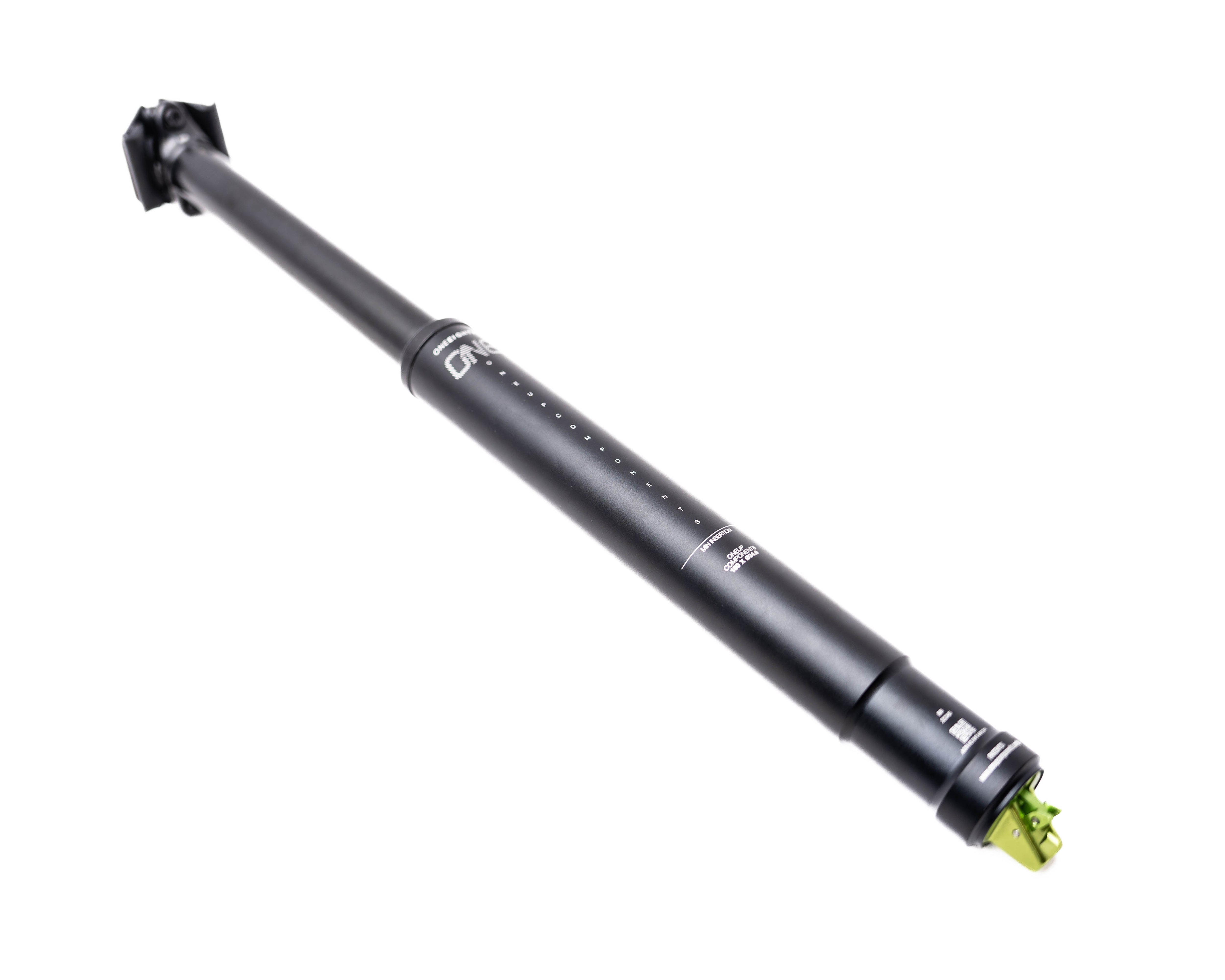 OneUp V2 Dropper Post 150mm Φ31.6mm OneUp Components V2 Dropper Post - Bike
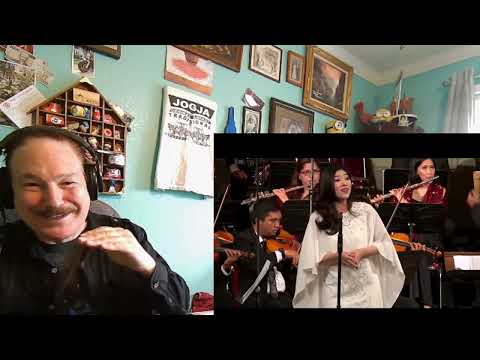 Isyana Sarasvati - Frühlingsstimmen - Walzer, Op. 410 - Johann Strauss II, A Layman's Reaction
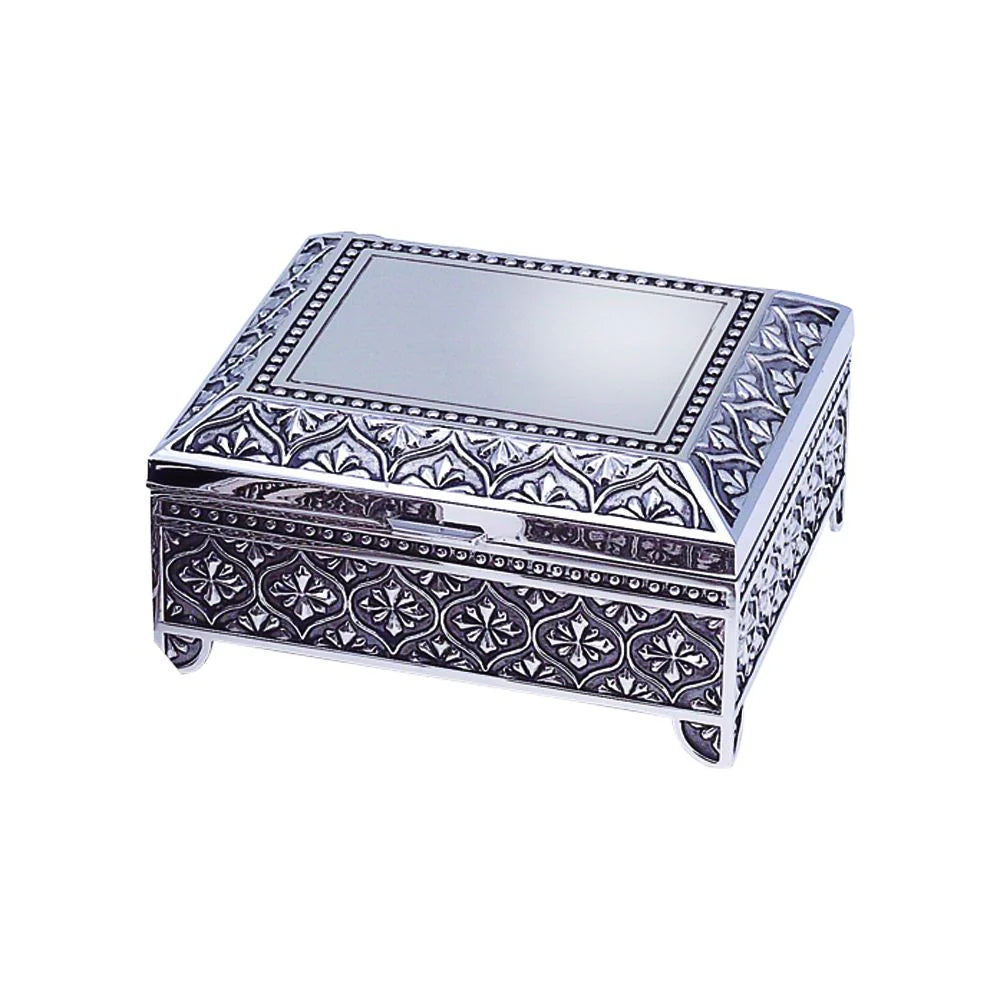 Square Jewelry Box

**WHAT IS REQUIRED**
The expected output is the full material above, unaltered, with pictures removed.

**OUTPUT OF THE TASK**
 OneUp V2 Dropper Post 150mm Φ31.6mm OneUp Components V2 Dropper Post - Bike
 Isyana Sarasvati - Frühlingsstimmen - Walzer, Op. 410 - Johann Strauss II, A Layman's Reaction
 Square Jewelry Box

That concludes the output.